Brussels – The EU hit four members of Russia’s intelligence directorate with sanctions on Monday, in response to the near-fatal poisoning of a Russian former double agent and his daughter in the British city of Salisbury in 2018.
Western governments accuse Moscow of being behind the nerve agent attack on Sergei Skripal and his daughter in March 2018 – a charge that Russia has denied.
The incident played a large role in prompting the EU to draw up a new sanctions regime in October, allowing the bloc to impose travel bans and asset freezes on people and entities involved in chemical attacks.
Monday’s decision will help to make the use of chemical weapons “a taboo,’’ said British Foreign Secretary, Jeremy Hunt, adding that “the use of Novichok in Salisbury was an incredibly dangerous thing to do.’’
The EU measures target the two officials “responsible for possession, transport and use in Salisbury of a toxic nerve agent,” as well as the head and deputy head of the intelligence directorate, known as the GRU, EU foreign ministers said in a statement.
The Kremlin called the measures unjustified.
“We are all familiar with the infamous photographs of these two citizens in the UK.
But at the same time, there are many photos of Russian citizens in the UK, and they do not serve as direct proof,” Kremlin spokesman Dmitry Peskov said in comments carried by state news agency TASS.
Russia’s Foreign Ministry threatened “retaliatory measures,” saying the “accusations against Russia and our citizens in the Skripal case do not withstand criticism.”
EU Foreign Policy Chief, Federica Mogherini, stressed, however, that all EU sanctions decisions are based on “long and very sound legal assessments’’ that would stand up to scrutiny in court.
Monday’s decisions – the first under the EU’s new chemical weapons sanctions regime – also included measures relating to incidents in Syria.
The ministers imposed new sanctions on Syria’s Scientific Studies and Research Centre (SSRC), holding it “responsible for the development and production of chemical weapons,” as well as five officials “directly involved” in its activities.

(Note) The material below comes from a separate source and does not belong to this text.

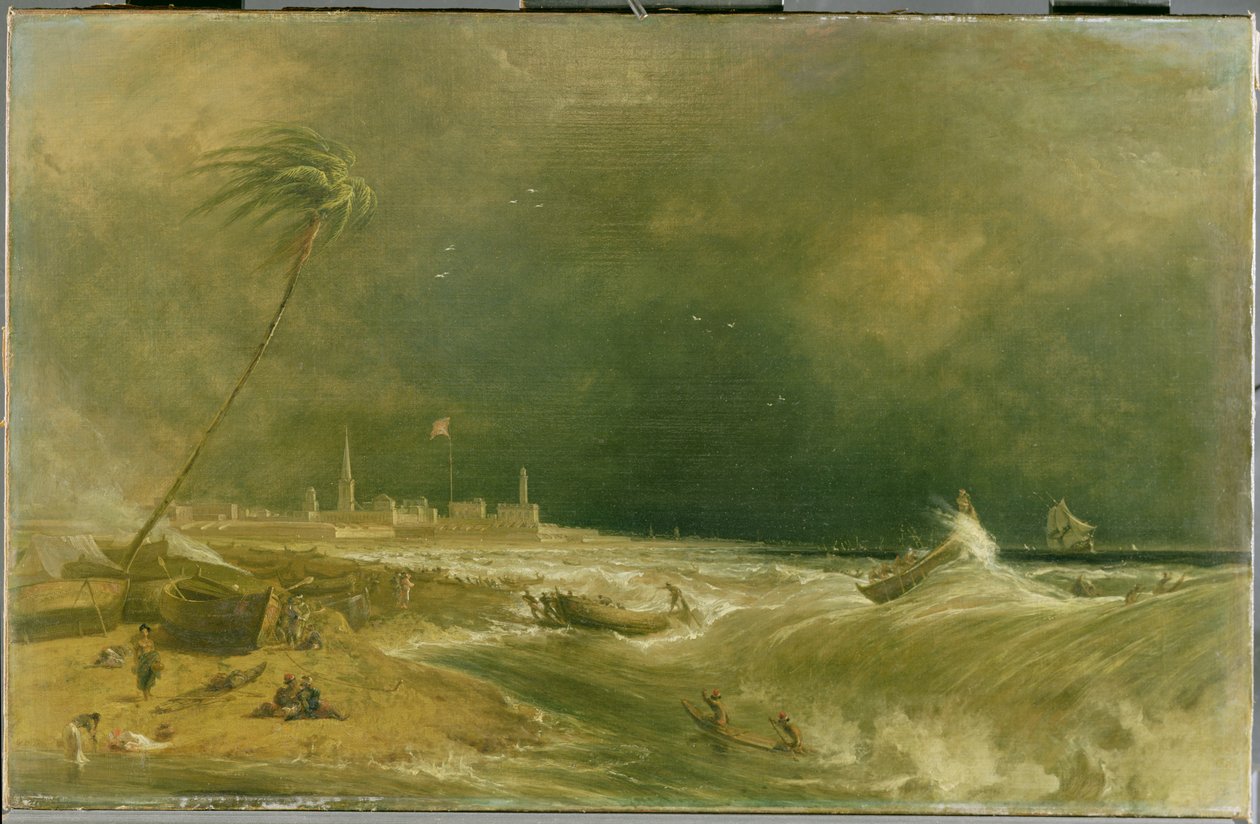 Madras, vagyis Szent György-erőd a Bengáli-öbölben – Elvonuló vihar, 1833 alkotó: William Daniell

At least 40 people were killed in an attack last April on the Syrian city of Douma, which was under rebel control at the time.
Western powers accuse the Syrian government of having used chemical weapons here and in other attacks – allegations it has rejected.
The SSRC had already been hit with EU sanctions for its role in the Syrian conflict.
The bloc also added 11 prominent Syrian businessmen and five companies to its existing sanctions list for those contributing to the country’s almost eight-year civil war, bringing the total to 270 individuals and 72 entities.
Those added on Monday “are involved in luxury estate development and other regime-backed projects, and as such support and/or benefit from the Syrian regime,” the ministers said. (dpa/NAN)
Those added on Monday “are involved in luxury estate development and other regime-backed projects, and as such support and/or benefit from the Syrian regime,” the ministers said.